Wild Carrot leaves contain significant amounts of porphyrins, which stimulate the pituitary gland and lead to the release of increased levels of sex hormones, and stimulates the uterus. The plant is also used to encourage delayed menstruation, can induce uterine contractions and so should not be used by pregnant women. The seed is a traditional ’morning after’ contraceptive and there is some evidence to uphold this belief. An essential oil obtained from the seed has also been used cosmetically in anti-wrinkle creams. A strong decoction of the seeds and root make a very good insecticide.
. Wild Carrot has been used as a herb for thousands of years as an anthelmintic, carminative, contraceptive, deobstruent, diuretic, emmenagogue, galactogogue, ophthalmic, and stimulant.

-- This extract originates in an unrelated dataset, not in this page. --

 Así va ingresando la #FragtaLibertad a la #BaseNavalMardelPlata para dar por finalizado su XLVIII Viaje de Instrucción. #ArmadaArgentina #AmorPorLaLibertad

Wild Carrot Habitat and Description
Queen Anne's Lace is a biennial herb, originally a native of Southern Europe. It has become naturalized throughout the United States and Canada.
In its second year, from a taproot, the erect and branched carrot stems grows to a height of two to four feet or more. Both stems and leaves are covered with short coarse hairs. The leaves are very finely divided-tri-pinnate, alternate, and embrace the stem with a sheathing base. The two to four inch "flower" is actually a compound of terminal umbels, made up of many small white flowers. The central flower of the Umbelliferae is often purple. A ring of finely-divided and leaf-like bracts grows at the point where the umbel meets the stem. Wild Carrot blooms from June to August, but often continues much longer. Its root is small and spindle shaped, whitish, slender and hard, (tender when young), but soon gets tough, with a strong aromatic smell.
Growing and Harvesting Wild Carrot
Wild Carrot is easy to grow, it prefers a sunny position and a well-drained neutral to alkaline soil. Considered an obnoxious weed by some, it can spread very quickly. Cultivation is not advisable. It's almost always found in any old field.
Harvest entire plant in July or when flowers bloom, and dry for later herb use. Collect edible roots and shoots in spring when tender. Gather seed in fall.
Wild Carrot History and Folklore
The name ’Carrot’ is Celtic, and means ’red of color,’ and Daucus from the Greek dais to burn, signifying its pungent and stimulating qualities. An Old English superstition is that the small purple flower in the center of the Wild Carrot was of benefit in curing epilepsy.